US imperatives to stay in Rojava
The Kurdish-led Syrian Democratic Forces (SDF) are once again dedicating their manpower and resources to help the US-led coalition defeat the remnants of ISIS in Syria’s Deir ez-Zor province with combined US and French air and fire support.
Operation Roundup is another testament to the successful SDF effort to rid Syria of ISIS. Consequently, when ISIS is finally defeated, the US should not abandon or throw them under the bus for numerous reasons – both morally and, in the long-term, their own self-interest.
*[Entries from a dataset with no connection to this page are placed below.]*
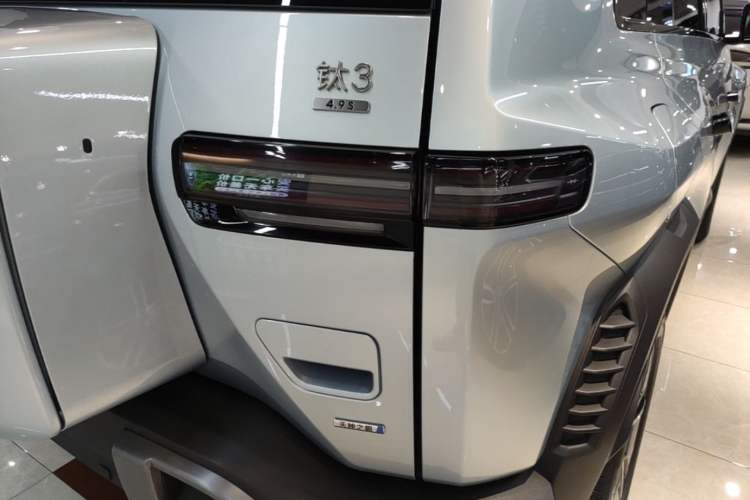 Used Formula Leopard Titanium 3 2025 501KM All-Wheel Drive Intelligent Driving Ultra Version Right Rear Taillight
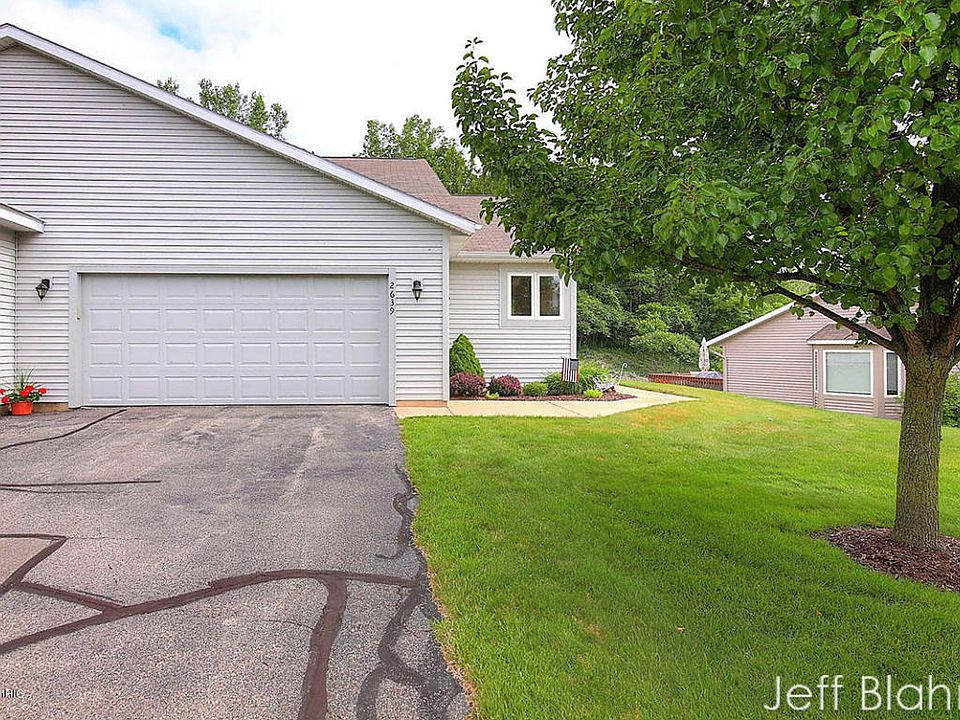 2639 Hillandale Dr NW 16, Grand Rapids, MI 49534 Zillow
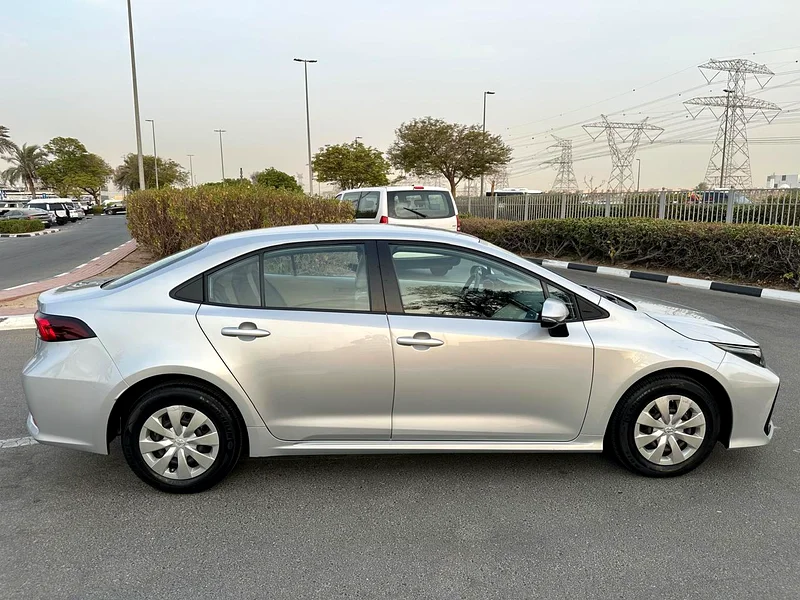 Toyota Corolla 1.6 XLi Model 2020 GCC Mid Options Full Service History al futtaim very Good conditio63484601142657114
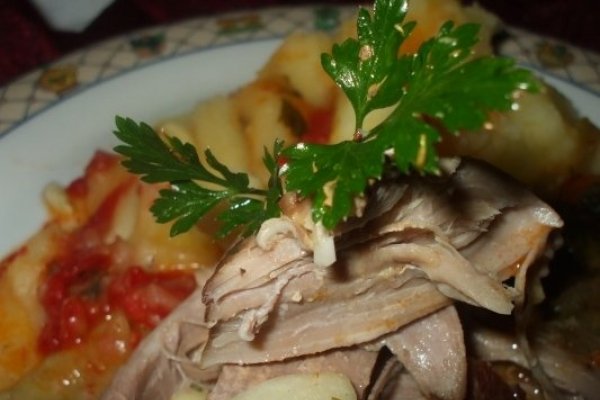 Pulpa de curcan in suc propriu cu piure de cartofi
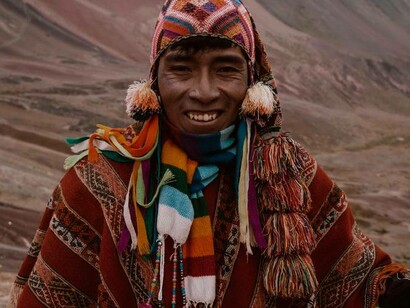 Uomo sorride in abiti tradizionali in Cusco, Perù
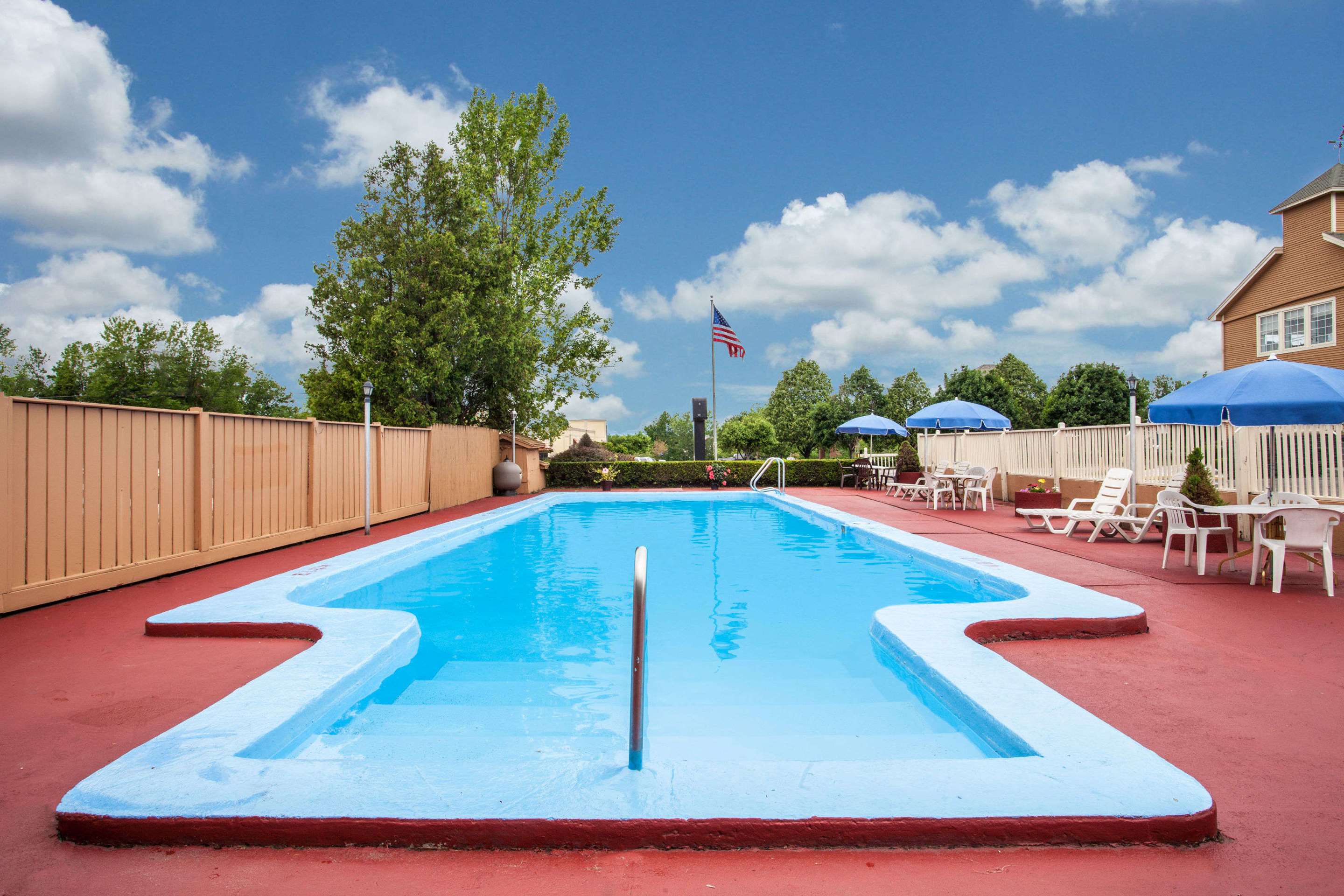 Pool | Travelodge by Wyndham South Burlington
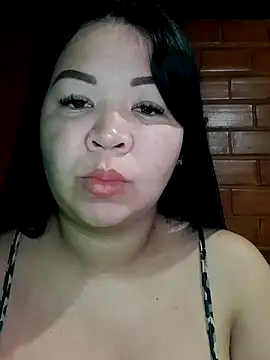 Snapshot of Chantal_lopez chatting on 12.22.24 Chantal lopez online show from 12.22.24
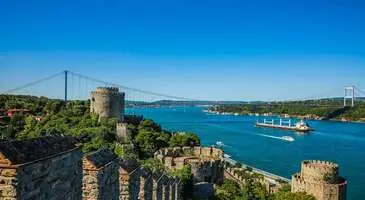 Netflix’in İstanbul’un Fethi’ni anlatacak yeni Türk dizisi Ottoman Rising’de, Fatih Sultan Mehmet’in yaşadığı Edirne Sarayı’ndan Rumeli Hisarı’na kadar önemli tarihi yapıları görebiliriz.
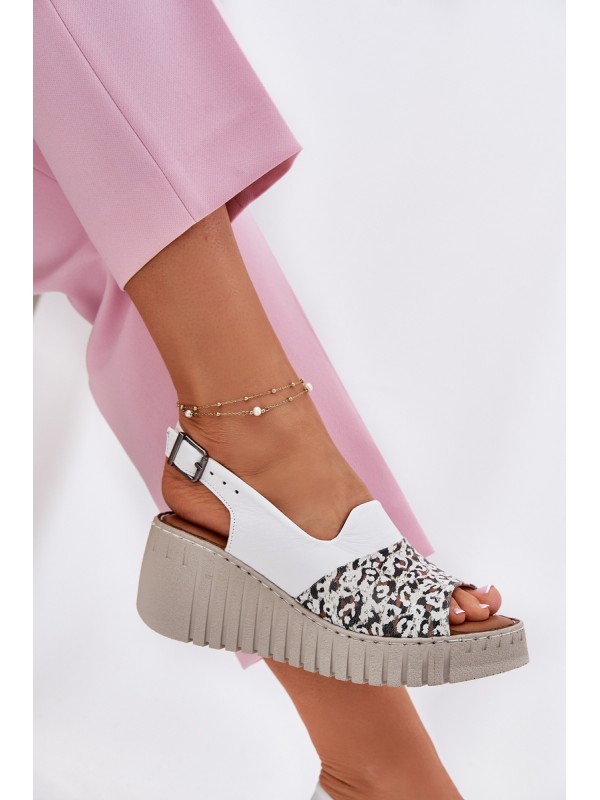 Womens Sandals Made Of Natural Leather On Wedge White Artiker 56C0958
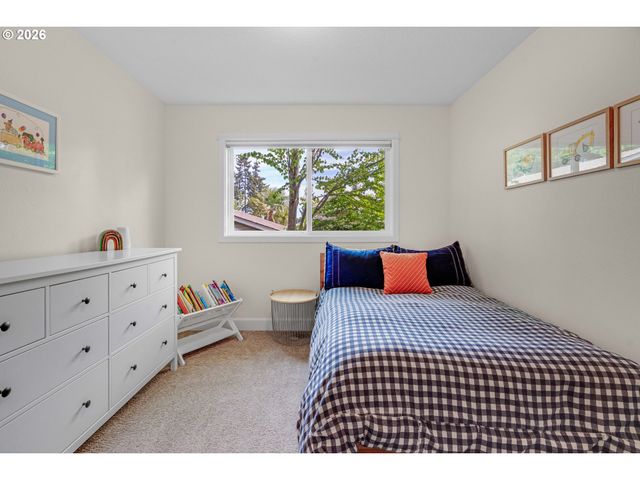 2907 CARRIAGE Way, West Linn, OR 97068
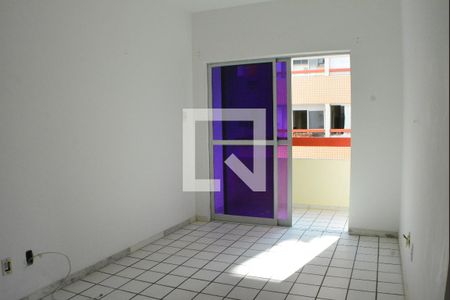 Sala  de apartamento para alugar com 3 quartos, 82m² em Costa Azul, Salvador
The ‘Provide Comfort’ precedent
In late May 1991, then-White House Chief of Staff John Sununu predicted US forces would withdraw from the Kurdistan Region once Kurdish refugees who fled during the aftermath of the Persian Gulf War returned to their homes.
Sununu argued that the US had no responsibility to retain forces there to aid and protect these Kurdish refugees. “We're not there to deal with the multigenerational, internal civil strife,” he declared.
Najmaldin Karim, the former governor of Kirkuk who was a leading US-based Kurdish activist at the time, responded to Sununu’s assertion by insisting: “The United States cannot leave unless a situation is created where everybody is safe. It is the US responsibility to protect these people.”
Karim went on to predict US withdrawal would simply give Saddam Hussein free reign to massacre the Kurds and cause yet another refugee crisis. No withdrawal happened.
In the lead-up to the Persian Gulf War, US President George H.W. Bush made the moral case – dubious considering prior US policy in Iraq – for confronting Saddam Hussein after his invasion of Kuwait, instancing the Anfal massacres he carried out against Kurds.
Following the ceasefire that ended US military operations against Hussein on February 28, 1991, an ambiguous statement from Bush urging Iraqis to rise up against the Iraqi tyrant led Shiites and Kurds alike to believe the US would support them.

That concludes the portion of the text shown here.